▼

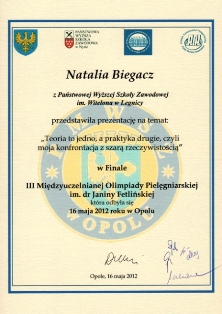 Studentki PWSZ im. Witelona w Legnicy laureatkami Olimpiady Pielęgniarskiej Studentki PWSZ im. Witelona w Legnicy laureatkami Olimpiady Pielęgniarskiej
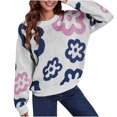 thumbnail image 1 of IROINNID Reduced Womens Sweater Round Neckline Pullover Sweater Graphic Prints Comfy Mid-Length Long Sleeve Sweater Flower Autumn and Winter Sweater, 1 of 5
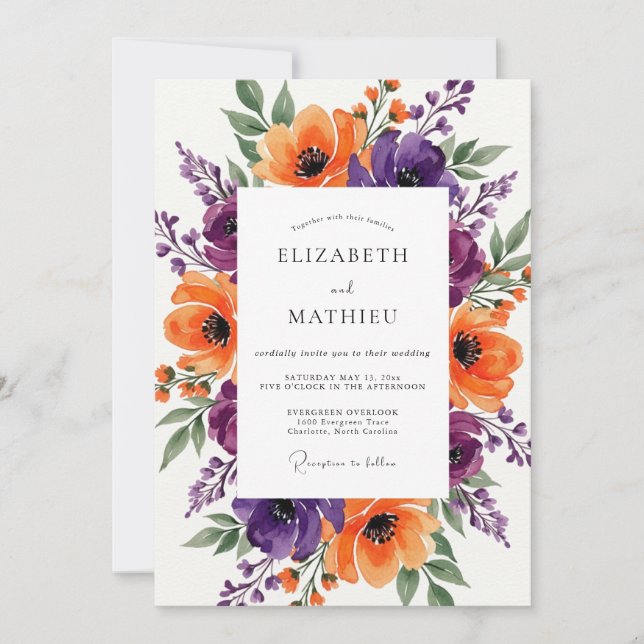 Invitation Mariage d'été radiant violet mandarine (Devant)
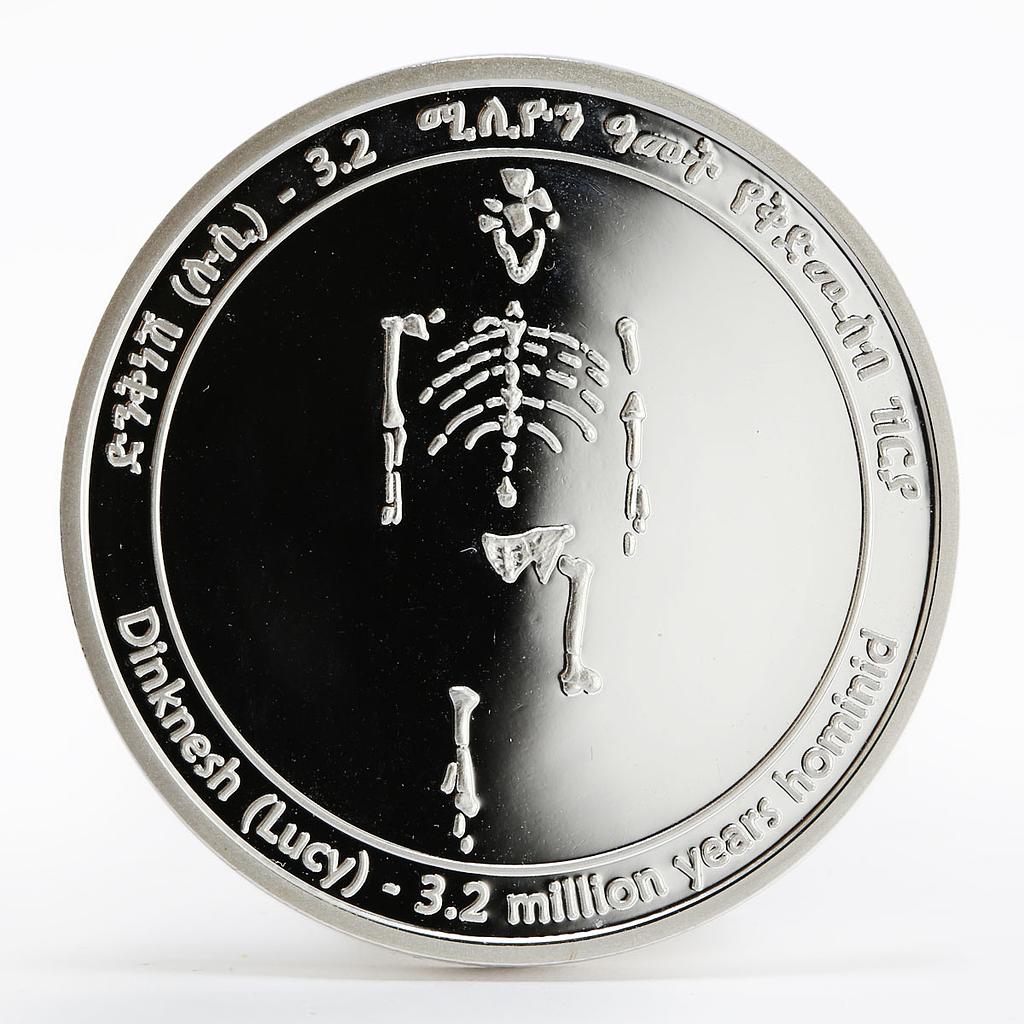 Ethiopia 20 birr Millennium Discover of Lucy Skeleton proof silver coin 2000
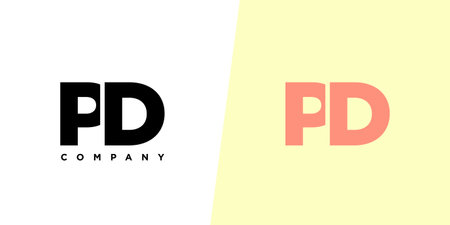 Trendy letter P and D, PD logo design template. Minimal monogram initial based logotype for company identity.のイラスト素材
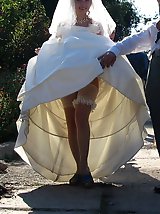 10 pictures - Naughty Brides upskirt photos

▲

▸ What the task requires
Reproduce the lines of the listing exactly, starting at the one that contains "Ethiopia 20 birr" and continuing through the final line, but leave out the pictures.

▸ Answer to the problem
 Ethiopia 20 birr Millennium Discover of Lucy Skeleton proof silver coin 2000
 Trendy letter P and D, PD logo design template. Minimal monogram initial based logotype for company identity.のイラスト素材
 10 pictures - Naughty Brides upskirt photos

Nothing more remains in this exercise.